When the rich and politically connected buy and use illegal
drugs, they rarely face criminal sanctions. In the United States
it's "alive and in graduate school" for one class of
citizens - prison and stigma for another.
It wasn't until a major news reporter said that G.W. Bush
"certainly did drugs until 1974"(1),
that the presidential candidate told reporters he "had not
used illegal drugs for the past 25 years."(2)
Few have forgotten Bill Clinton's MTV, "I didn't inhale,
didn't try it again . . . but I wish I had," lines.
Al Gore admits to illegal drug use in college and the Army.
A co-worker, and close friend at the Tennessean newspaper, supported
allegations of regular recreational marijuana use by Gore.(3)
The most candid admission of past illegal drug use is from
former House Speaker Newt Gingrich, who declared, "Smoking
marijuana was a sign we were alive and in graduate school in
that era." (4) Today he
is a 'senior fellow' with the American Enterprise Institute.
These four men, equally representing Democrats and Republicans,
used their political office to intensify the war on drugs by
broadening police powers, search and seizure, and mandatory prison
sentences. Each are responsible for expanding prosecutorial authority
- all at the cost of ordinary citizens' civil liberties.
When Bush dodged questions of illegal drug use he said people
could "go find somebody else to vote for" and that
"voters are weary of the politics of personal destruction."(5)
Why must ordinary people's families be destroyed by drug arrest
and imprisonment?
The drug war has produced millions upon millions of life-long
felons. Today, on any given day in our country there are over
two million prisoners.
Incarceration rates of the last 25 years have made the United
States the world's leading jailer.
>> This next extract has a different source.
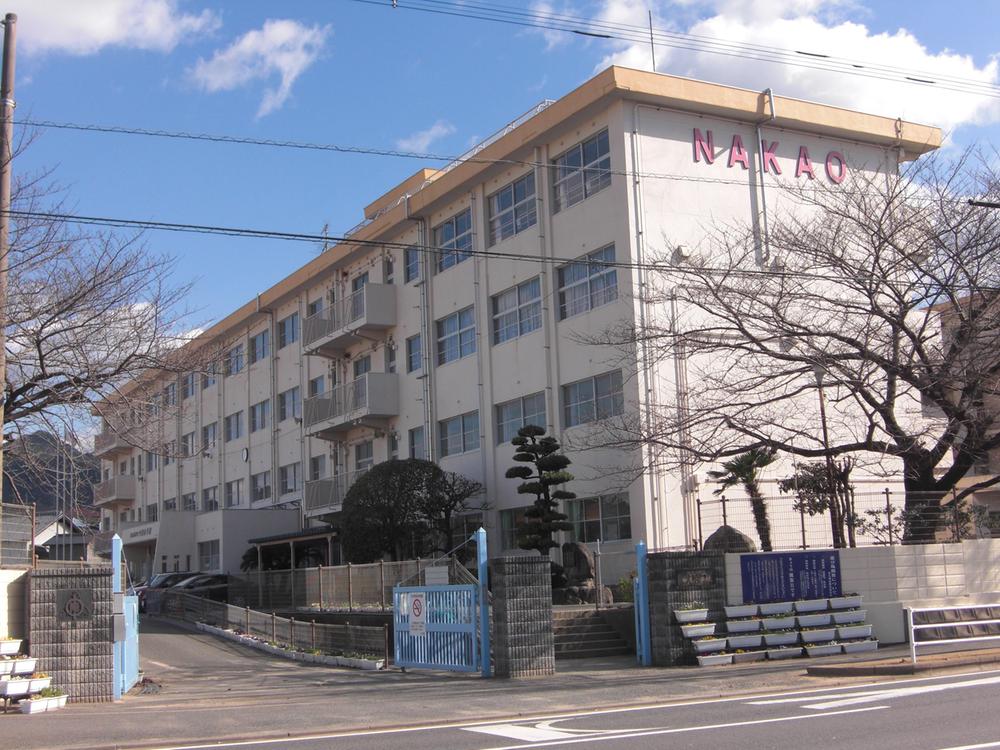 Primary school. 640m to Nakao elementary school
The U.S. imprisons its citizens
at rates three to ten times higher than other democratic societies.
Punitive drug laws enacted in the 1980s, and to the present,
have resulted in 25% of all prisoners in the United States serving
time for a drug law violation. In the federal system, these people
make up about 60% of the prison population.
Many states, struggling to balance their budgets, are beginning
to release drug war and other nonviolent prisoners early. Meanwhile,
the Federal Bureau of Prisons is growing faster than any state
prison system in the country, with no parole or hope of early
release.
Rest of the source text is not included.